По дороге в аэропорт они продолжили разговор.
— Отец, вы сами должны были понять, что рано или поздно вам придется уехать. Ваше присутствие терпели, пока положение оставалось относительно стабильным, но как только партизаны появились снова, сразу стало ясно, что вам придется покинуть город.
— Какие партизаны? Разве газеты не сообщали, что партизаны ликвидированы? — спросил отец Альберто.
— Ликвидированы те, что пришли из Эквадора.
Я говорю о новой группе — городские юнцы, которые подались в Кебрадас. Час от часу не легче. Конца этому не видно.
— Вас ждут тяжелые времена. Не хотел бы я оказаться на вашем месте, когда начнется настоящая революция.
В аэропорту многие здоровались с отцом Альберто, а некоторые узнавали и его спутника. К полицейскому люди были настроены явно враждебно — сознание того, что скоро они улетят отсюда, давало им смелость отпускать в его адрес оскорбительные замечания. Регистратор у стойки, обратив внимание на то, что билет отца Альберто был только в одну сторону, поделился этим известием с коллегами, обсудил его, и оно полетело от одного служащего к другому; вскоре к священнику подошел носильщик, который взвешивал его багаж.
— Отец, нам всем жаль с вами расставаться. Когда вы вернетесь?

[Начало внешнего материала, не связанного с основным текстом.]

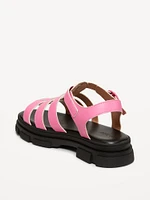 Chunky Faux-Leather Fisherman Sandals for Girls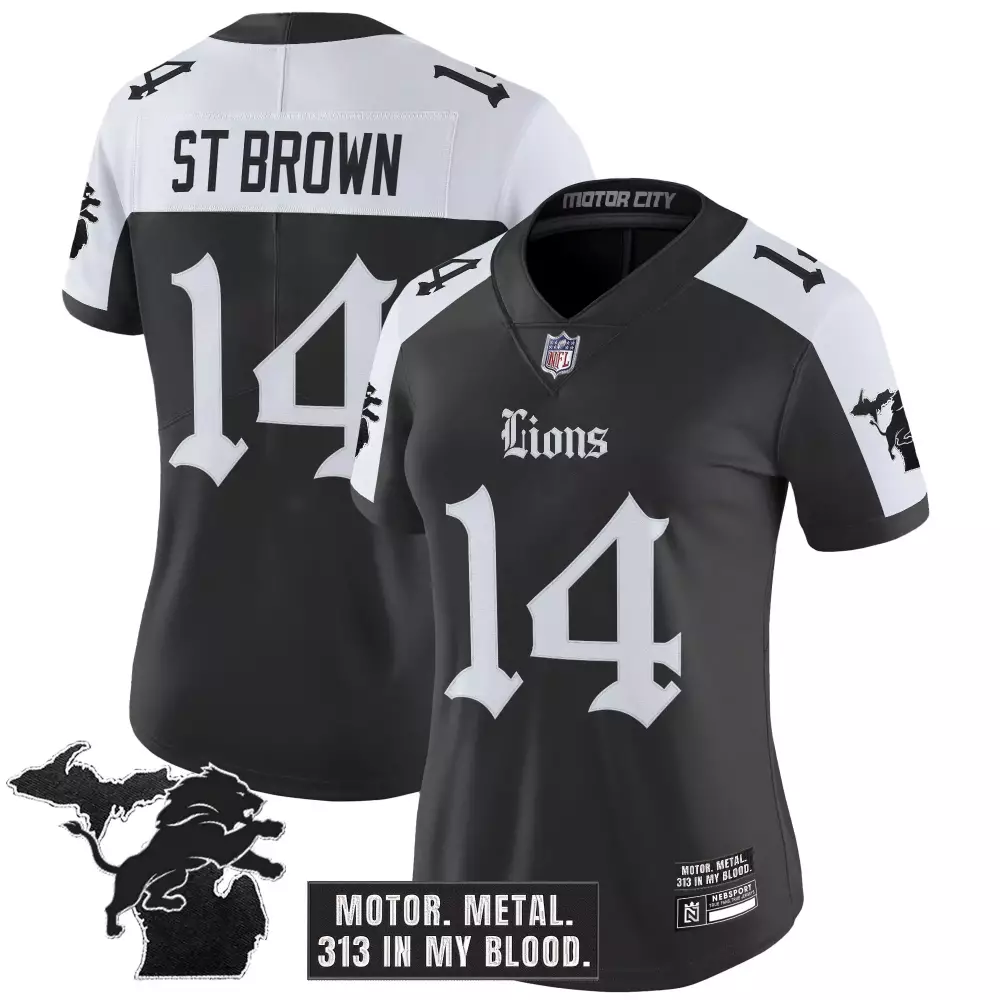 St Brown 14 Women's Stitched Jersey | Detroit Lions Motor City Edition Black 2023 | Stylish Fan Gear | For Men, Women & Youth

— К сожалению, нескоро, — ответил отец Альберто. — Меня посылают в далекое путешествие. Поправить здоровье.
Он улыбнулся, и носильщик покачал головой.
Полицейский, смущенный неприкрытой враждебностью людей, их недружелюбными взглядами и словами, изо всех сил старался показать, что свобода отца Альберто ничем не стеснена. Он пересел на дальний от священника конец скамейки и уткнулся в газету.
Отец Альберто встал и направился в туалет, полицейский опустил газету и лишь посмотрел ему вслед.
Отец Альберто раскрыл окно туалета. Внизу, в запущенном садике, росли чахлые розы, а несколькими ярдами дальше вытянулась вдоль тротуара вереница такси, водители которых рассчитывали растрясти кошельки пассажиров прибывающего самолета. Забравшись на подоконник, священник сумел протиснуться наружу. Он быстро подошел к ближайшему такси.
— Как называется деревня возле Кебрадаса?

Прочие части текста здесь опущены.